By selecting certain sectors, the rules aim to avoid massive, untargeted subsidies straining public budgets - which happened in 2022, when energy prices surged after Russia cut gas deliveries in the wake of its invasion of Ukraine.

Current Government Actions

Still, most EU governments have already moved ahead with subsidies in response to the Middle East crisis - spending more than 13 billion euros on fuel tax cuts and other measures, most of them not targeted to hardest-hit companies or communities, according to the Jacques Delors Institute think tank.

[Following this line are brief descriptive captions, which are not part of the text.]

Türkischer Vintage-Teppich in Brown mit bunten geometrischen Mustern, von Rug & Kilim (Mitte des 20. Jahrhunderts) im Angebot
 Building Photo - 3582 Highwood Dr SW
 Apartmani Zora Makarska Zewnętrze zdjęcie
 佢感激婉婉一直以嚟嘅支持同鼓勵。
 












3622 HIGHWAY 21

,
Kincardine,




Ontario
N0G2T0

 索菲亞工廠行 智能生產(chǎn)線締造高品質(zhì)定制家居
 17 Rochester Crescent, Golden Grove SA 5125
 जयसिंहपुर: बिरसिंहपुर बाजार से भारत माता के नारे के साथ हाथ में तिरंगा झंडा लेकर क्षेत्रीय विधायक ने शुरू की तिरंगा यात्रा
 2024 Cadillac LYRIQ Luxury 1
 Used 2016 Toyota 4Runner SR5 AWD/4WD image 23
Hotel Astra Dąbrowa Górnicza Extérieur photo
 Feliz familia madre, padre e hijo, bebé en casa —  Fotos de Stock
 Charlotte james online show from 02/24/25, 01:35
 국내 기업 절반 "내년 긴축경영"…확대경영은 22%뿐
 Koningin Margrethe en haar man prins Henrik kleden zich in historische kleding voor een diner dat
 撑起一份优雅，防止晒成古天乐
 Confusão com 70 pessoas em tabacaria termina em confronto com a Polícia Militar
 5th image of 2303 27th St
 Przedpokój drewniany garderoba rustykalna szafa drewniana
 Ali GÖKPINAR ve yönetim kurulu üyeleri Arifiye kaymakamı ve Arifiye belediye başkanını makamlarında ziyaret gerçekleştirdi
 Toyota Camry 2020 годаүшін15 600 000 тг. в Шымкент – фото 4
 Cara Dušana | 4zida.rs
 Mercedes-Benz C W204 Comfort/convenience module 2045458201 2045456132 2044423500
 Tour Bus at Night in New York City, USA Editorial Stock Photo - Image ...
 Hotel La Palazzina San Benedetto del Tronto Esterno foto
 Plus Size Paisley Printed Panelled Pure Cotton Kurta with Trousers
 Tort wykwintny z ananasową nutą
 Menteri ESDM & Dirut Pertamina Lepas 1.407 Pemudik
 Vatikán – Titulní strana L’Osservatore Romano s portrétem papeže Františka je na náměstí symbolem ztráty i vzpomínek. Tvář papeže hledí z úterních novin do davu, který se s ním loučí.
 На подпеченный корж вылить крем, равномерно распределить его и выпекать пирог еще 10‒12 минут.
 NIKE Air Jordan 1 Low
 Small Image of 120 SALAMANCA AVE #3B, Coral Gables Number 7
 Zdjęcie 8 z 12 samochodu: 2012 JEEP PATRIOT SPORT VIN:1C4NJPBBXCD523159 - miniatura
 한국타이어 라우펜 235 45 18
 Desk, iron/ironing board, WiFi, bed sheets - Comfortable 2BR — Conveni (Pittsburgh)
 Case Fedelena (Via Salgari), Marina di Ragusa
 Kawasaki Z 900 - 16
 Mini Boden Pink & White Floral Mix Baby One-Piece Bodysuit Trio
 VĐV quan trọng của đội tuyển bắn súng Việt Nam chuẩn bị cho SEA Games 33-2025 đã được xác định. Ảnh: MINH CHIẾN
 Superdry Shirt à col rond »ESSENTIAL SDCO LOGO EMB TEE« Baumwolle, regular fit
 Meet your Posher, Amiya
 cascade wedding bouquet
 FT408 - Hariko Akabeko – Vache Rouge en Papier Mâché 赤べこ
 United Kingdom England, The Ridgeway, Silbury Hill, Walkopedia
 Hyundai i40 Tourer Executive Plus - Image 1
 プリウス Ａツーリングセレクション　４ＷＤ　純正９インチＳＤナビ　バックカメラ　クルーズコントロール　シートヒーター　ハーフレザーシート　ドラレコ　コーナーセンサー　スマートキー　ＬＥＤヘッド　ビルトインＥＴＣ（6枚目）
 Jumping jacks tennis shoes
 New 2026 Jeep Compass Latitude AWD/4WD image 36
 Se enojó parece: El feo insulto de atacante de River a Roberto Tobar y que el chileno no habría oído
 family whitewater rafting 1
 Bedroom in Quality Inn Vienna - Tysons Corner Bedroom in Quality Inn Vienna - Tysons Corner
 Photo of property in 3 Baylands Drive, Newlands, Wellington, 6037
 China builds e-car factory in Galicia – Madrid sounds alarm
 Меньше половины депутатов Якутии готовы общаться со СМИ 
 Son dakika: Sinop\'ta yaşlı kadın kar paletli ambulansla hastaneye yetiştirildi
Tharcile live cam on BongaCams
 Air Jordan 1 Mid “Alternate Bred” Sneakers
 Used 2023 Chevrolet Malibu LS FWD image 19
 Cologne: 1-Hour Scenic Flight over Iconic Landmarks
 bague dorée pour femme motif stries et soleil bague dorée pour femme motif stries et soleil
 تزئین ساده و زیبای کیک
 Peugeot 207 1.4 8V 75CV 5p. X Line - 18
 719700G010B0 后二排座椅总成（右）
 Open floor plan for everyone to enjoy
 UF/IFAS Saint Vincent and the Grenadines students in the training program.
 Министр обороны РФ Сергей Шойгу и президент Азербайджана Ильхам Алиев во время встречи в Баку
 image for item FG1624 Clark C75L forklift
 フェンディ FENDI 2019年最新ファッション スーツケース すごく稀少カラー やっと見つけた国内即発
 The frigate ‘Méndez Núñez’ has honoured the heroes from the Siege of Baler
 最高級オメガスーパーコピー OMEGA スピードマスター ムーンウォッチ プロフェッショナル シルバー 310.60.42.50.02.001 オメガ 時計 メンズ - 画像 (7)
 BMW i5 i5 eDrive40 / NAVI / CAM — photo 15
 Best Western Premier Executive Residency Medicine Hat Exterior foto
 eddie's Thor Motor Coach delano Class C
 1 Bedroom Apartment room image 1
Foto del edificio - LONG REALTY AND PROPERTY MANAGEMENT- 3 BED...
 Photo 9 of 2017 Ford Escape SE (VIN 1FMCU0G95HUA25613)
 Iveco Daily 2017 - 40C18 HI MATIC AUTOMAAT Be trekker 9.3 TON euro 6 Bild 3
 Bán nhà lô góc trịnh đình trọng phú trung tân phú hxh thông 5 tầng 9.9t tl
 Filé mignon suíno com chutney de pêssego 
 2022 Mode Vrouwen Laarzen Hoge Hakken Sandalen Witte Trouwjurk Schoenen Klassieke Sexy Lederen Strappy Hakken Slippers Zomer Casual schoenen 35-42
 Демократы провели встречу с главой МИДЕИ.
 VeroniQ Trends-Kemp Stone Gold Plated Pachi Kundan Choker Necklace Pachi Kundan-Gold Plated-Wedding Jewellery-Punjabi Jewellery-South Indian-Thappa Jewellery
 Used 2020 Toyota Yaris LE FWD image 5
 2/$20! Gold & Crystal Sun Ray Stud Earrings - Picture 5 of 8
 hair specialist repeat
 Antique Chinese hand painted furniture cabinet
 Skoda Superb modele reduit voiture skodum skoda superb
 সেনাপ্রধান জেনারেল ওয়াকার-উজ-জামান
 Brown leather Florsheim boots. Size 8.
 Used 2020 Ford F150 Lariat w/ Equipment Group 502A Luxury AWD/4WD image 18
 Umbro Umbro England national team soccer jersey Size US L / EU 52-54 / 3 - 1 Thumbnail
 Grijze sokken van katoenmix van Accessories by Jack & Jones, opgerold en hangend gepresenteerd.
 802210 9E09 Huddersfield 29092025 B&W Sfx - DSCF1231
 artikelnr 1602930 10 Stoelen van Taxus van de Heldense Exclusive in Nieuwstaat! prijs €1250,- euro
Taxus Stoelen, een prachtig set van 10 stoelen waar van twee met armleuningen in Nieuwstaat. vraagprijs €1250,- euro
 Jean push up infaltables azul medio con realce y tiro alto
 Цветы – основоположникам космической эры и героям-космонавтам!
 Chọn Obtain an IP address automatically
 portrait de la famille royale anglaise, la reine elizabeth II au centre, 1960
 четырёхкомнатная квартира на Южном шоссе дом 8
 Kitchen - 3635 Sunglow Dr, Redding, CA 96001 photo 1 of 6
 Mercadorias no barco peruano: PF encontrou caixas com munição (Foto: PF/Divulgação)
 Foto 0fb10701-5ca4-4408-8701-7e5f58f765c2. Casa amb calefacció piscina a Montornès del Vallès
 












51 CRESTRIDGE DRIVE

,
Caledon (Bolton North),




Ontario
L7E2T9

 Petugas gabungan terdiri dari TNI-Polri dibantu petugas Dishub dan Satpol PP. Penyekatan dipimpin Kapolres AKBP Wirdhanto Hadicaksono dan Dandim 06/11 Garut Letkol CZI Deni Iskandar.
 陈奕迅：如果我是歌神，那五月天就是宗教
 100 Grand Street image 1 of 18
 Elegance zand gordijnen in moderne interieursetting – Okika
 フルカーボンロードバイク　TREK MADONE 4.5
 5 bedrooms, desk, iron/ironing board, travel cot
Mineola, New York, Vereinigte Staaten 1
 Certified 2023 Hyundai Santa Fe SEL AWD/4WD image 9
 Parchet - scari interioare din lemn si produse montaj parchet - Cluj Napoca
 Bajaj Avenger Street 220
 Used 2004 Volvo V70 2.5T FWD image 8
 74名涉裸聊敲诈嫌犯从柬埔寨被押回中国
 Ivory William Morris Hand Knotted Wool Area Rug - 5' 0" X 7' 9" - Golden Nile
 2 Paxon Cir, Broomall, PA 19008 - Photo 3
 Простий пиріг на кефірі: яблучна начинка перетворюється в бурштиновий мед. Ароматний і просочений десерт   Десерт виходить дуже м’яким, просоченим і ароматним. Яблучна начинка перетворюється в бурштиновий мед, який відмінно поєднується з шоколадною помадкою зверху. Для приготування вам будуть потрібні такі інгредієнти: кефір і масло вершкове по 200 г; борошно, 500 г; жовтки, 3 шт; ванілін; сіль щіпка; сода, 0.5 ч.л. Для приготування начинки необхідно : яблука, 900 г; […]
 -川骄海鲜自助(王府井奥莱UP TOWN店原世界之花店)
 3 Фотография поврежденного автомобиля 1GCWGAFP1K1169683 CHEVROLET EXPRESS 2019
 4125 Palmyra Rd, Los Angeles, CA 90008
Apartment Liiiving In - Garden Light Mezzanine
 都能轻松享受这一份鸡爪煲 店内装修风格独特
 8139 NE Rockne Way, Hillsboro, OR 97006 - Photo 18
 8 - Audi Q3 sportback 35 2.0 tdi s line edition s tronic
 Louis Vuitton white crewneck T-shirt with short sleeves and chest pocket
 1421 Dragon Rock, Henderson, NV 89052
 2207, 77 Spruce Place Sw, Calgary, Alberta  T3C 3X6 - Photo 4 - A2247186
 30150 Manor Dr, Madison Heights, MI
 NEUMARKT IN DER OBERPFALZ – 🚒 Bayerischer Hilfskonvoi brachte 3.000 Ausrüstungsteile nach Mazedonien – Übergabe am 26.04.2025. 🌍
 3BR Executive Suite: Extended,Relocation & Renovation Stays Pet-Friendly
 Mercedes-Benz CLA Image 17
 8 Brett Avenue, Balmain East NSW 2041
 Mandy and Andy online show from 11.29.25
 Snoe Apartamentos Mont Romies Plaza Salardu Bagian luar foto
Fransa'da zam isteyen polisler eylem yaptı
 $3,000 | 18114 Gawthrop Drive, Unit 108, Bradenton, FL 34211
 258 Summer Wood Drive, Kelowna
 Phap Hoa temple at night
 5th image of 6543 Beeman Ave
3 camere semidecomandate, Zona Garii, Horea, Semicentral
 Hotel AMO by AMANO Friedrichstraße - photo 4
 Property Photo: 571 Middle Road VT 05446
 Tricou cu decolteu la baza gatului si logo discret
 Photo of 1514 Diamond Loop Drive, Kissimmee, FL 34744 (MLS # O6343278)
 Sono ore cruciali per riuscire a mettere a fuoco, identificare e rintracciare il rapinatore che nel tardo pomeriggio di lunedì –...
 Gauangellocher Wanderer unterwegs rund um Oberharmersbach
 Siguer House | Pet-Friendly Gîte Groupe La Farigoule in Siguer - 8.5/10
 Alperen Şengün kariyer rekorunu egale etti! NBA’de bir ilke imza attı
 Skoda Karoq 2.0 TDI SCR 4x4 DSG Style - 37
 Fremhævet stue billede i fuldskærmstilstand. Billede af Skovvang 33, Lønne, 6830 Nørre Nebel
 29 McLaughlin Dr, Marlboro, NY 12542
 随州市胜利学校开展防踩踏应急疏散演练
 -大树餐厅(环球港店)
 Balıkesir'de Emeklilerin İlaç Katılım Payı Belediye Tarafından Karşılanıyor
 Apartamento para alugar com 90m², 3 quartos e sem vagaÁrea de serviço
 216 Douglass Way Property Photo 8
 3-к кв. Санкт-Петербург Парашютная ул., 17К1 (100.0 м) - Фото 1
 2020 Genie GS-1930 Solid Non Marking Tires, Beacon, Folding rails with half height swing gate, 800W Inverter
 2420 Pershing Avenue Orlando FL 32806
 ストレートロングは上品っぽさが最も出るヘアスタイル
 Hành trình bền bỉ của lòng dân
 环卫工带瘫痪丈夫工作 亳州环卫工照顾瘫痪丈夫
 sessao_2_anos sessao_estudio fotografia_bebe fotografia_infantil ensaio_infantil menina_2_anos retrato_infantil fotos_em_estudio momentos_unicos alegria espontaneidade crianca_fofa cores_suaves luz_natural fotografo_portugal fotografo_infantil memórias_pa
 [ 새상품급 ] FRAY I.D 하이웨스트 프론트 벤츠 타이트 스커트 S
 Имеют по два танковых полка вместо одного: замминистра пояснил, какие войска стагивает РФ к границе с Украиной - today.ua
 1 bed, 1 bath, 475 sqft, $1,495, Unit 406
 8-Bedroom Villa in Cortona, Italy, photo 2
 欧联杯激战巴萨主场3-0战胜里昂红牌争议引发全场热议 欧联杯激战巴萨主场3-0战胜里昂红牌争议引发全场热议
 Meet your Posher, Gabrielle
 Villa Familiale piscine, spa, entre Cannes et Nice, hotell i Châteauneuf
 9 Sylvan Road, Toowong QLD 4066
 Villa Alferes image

Potential for Deepening Divisions

The EU plans have also raised concerns among some governments that they could deepen divisions between wealthy and poorer countries, by mostly benefiting bigger countries like Germany.($1 = 0.8547 euros)

Reporting Credits

(Reporting by Foo Yun Chee, editing by Bart Meijer and Keith Weir)

Key Takeaways

  • The EU’s temporary state aid framework supports agriculture, fisheries, transport, and energy‑intensive firms facing higher fuel and fertiliser costs due to Iran war disruptions, especially the Strait of Hormuz closure.
  • Affected firms can receive up to 50% compensation—capped at €50,000—for extra fuel and fertiliser expenses, while energy‑heavy firms may also get up to 70% coverage for power bills under an expanded state aid scheme.
  • The aid runs through end of 2026, part of the broader AccelerateEU strategy to tackle sharp energy price shocks and bolster clean energy transition and fiscal resilience.

References

Frequently Asked Questions

Which businesses can get EU fuel and fertiliser subsidies?
Companies in agriculture, fishery, transport, and energy-intensive sectors impacted by Iran war-related price hikes are eligible.
How much aid can affected sectors receive?
Eligible businesses can claim up to 50,000 euros, covering up to 70% of extra costs for fuel and fertiliser.
How long are the new EU subsidy rules valid?
The temporary state aid rules are valid until the end of the year.
What triggered the recent spike in energy prices?
The closure of the Strait of Hormuz during the Iran war caused global fuel price increases.
Are energy-intensive businesses eligible for additional compensation?
Yes, those already under another scheme can be compensated for up to 70% of their power bills.